Jab, breathe. Hook, breathe. Duck. Block. Uppercut, breathe. Sweat drips from the boxer’s brow. Oomph! The sudden shock as the gloved fist collides with her cheekbone. Whoa, hold up—her? That’s right. Women’s boxing is a thing now. It has been for a while.

Historically, female boxers have faced several opponents—in and out of the ring. But recently they have made great progress in punching through the glass ceiling of boxing culture.

One of the most significant triumphs was the inclusion of women’s boxing in last year’s London Olympics. Nicola Adams, flyweight gold medallist, wrote in The Guardian that spectator enthusiasm should silence sceptics. “They have been cheering for us as much as the lads,” she wrote.
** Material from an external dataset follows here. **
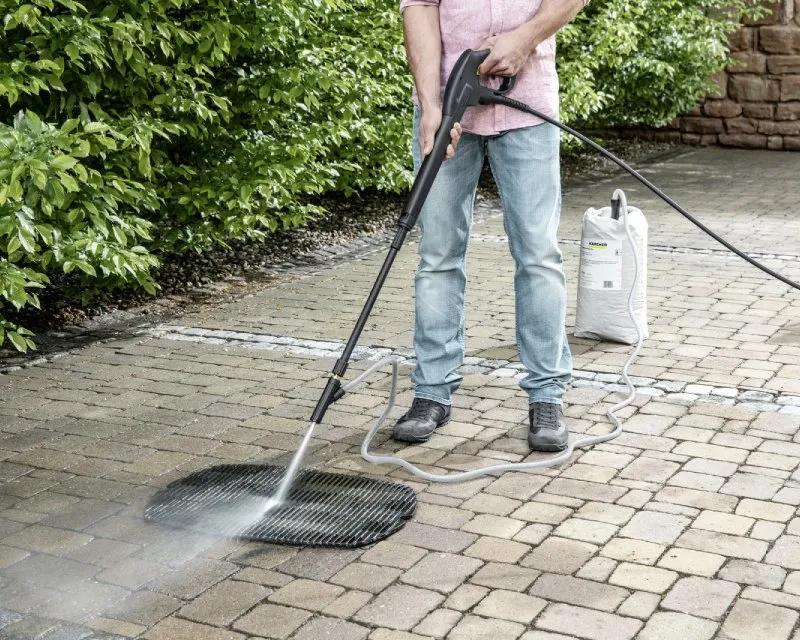 KARCHER Set za peskarenje za perače pod pritiskom (od K 2 do K 7) Slika 3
Local female boxers have also seen victories with NSW ending its 22-year ban on women’s boxing in 2008. In 2011, Sydney Uni Boxing Club (SUBxC) hosted female fighters for the first time at its annual Intercollege and Interfaculty Fight Night. Laura Hanlon, a first year MECO student at the time, observed wide-eyed. As a long-term admirer of combat sports, Hanlon was inspired to take up amateur boxing.

Twice a week, Hanlon and her fellow SUBxC athletes trained together in a one-hour high intensity workout. They’d face off against the punching bag, the trainers, and finally one another in a round robin sparring contest. Closer to the annual Fight Night, boxers raise the bar with an extra weekly session to prepare themselves physically and mentally. Fitness, discipline and focus are essential to winning.

Though Hanlon has never been knocked out, she has been punched in the face comparing it to the shock of hitting your head on the car door.

Hanlon was set to debut in last year’s Fight Night until her opponent pulled out with a shoulder injury. Because of SUBxC’s lack of female boxers, a replacement of matching height, weight and skill level could not be found for the disappointed Hanlon. Consequently, there were no female fights. This indicates a key problem in women’s boxing—low participation.

Hanlon labelled the notion that women are ‘too pretty to punch’ as “complete rubbish”. She sees herself as a boxer in her own right. “Whether you’re male or female, it doesn’t matter. It’s more the merits of what you achieve. Don’t be like, ‘oh that’s really good for a girl’”.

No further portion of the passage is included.